Tantra Yoga had been one of the potent powers for the spiritual regeneration of the Hindus. When practised by the ignorant, unenlightened, and unqualified persons, it has led to certain abuses; and there is no denying that some degraded forms of Saktism have sought nothing but magic, immorality, and occult powers. An example of the perverted expression of the truth, a travesty of the original practices, is the theory of the five Makaras (Pancha Makaras);-Madya or wine, Mamsa or flesh, Matsya or fish, Mudra or symbolical acts, and Maithuna or coition. The esoteric meaning of these five Makaras is: "Kill egoism, control flesh, drink the wine of God-intoxication, and have union with Lord Siva".

Tantra explains (Tanoti) in great detail the knowledge concerning Tattva (Truth or Brahman) and Mantra (mystic syllables). It saves (Trayate). Hence it is called Tantra.

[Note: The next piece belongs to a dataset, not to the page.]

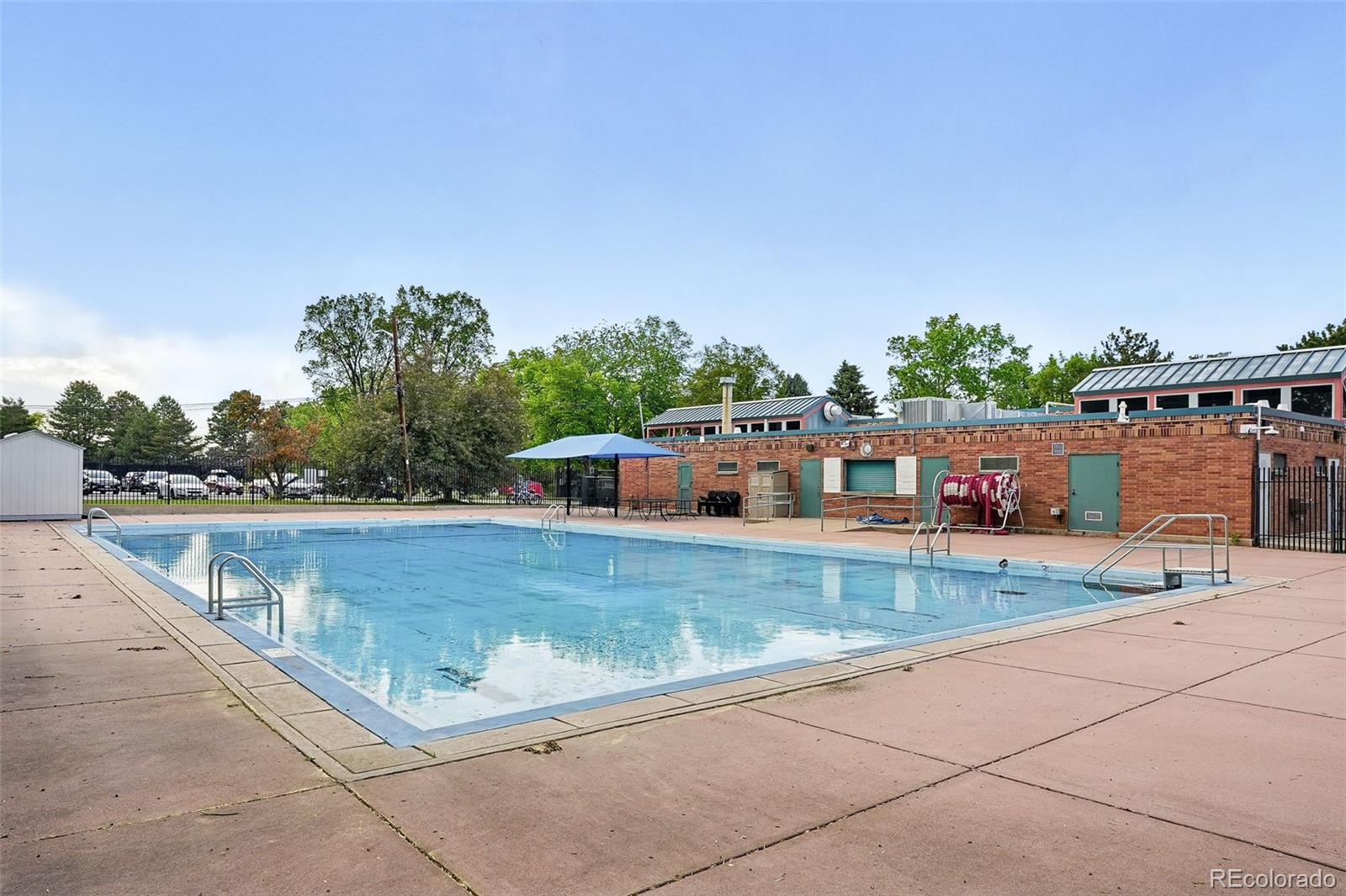 2675 South Eudora Street Denver, CO 80222 - Photo 46 of 49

The Tantras are not books of sorcery, witchcraft, magic spells, and mysterious formulae. They are wonderful scriptures. All persons without the distinctions of caste, creed, or colour may draw inspiration from them and attain spiritual strength, wisdom, and eternal bliss. Mahanirvana and Kularnava Tantras are the important books in Tantra Sastra. Yoga Kundalini Upanishad of Krishna Yajurveda, Jabala Darsana, Trisikha Brahmana, and Varaha Upanishad are useful for getting knowledge of Kundalini Sakti and the methods to awaken it and take it to Sahasrara Chakra at the crown of the head.

The Tantra is, in some of its aspects, a secret doctrine. It is a Gupta Vidya. You cannot learn it from the study of books. You will have to get the knowledge and practice from the practical Tantrikas, the Tantric Acharyas and Gurus who hold the key to it. The Tantric student must be endowed with purity, faith, devotion, dedication to Guru, dispassion, humility, courage, cosmic love, truthfulness, non-covetousness, and contentment. Absence of these qualities in the practitioner means a gross abuse of Saktism.

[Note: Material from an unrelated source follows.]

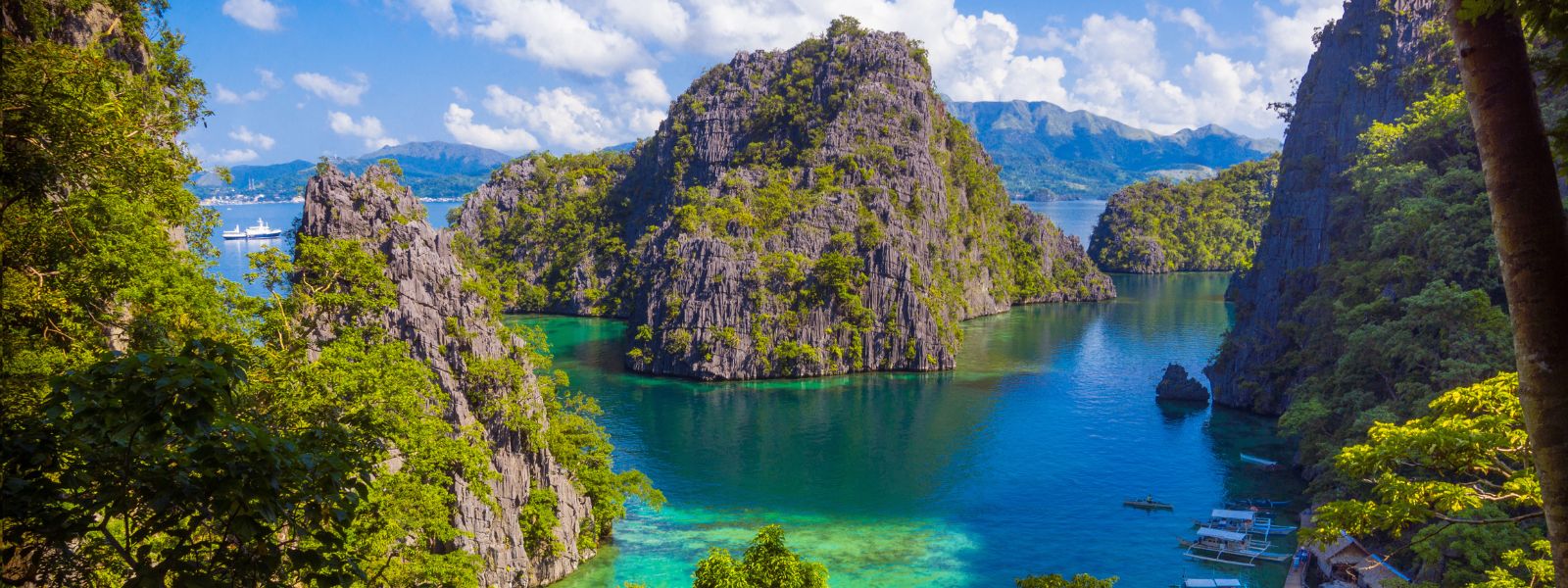 The Philippines Solo Trips & Tours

The Sakti Tantra is Advaita Vada. It proclaims that Paramatman (Supreme Soul) and Jivatman (individual soul) are one. The Saktas accept the Vedas as the basic scriptures. They recognise the Sakta-Tantras as texts expounding the means to attain the goal set forth in the Vedas.

Tantra Yoga lays special emphasis on the development of the powers latent in the six Chakras, from Muladhara to Ajna. Kundalini Yoga actually belongs to Tantric Sadhana which gives a detailed description about this serpent-power and the Chakras (plexus). Entire Tantric Sadhana aims at awakening Kundalini, and making her to unite with Lord Sadasiva, in the Sahasrara Chakra. Methods adopted to achieve this end in Tantric Sadhana are Japa of the Name of the Mother, prayer, and various rituals.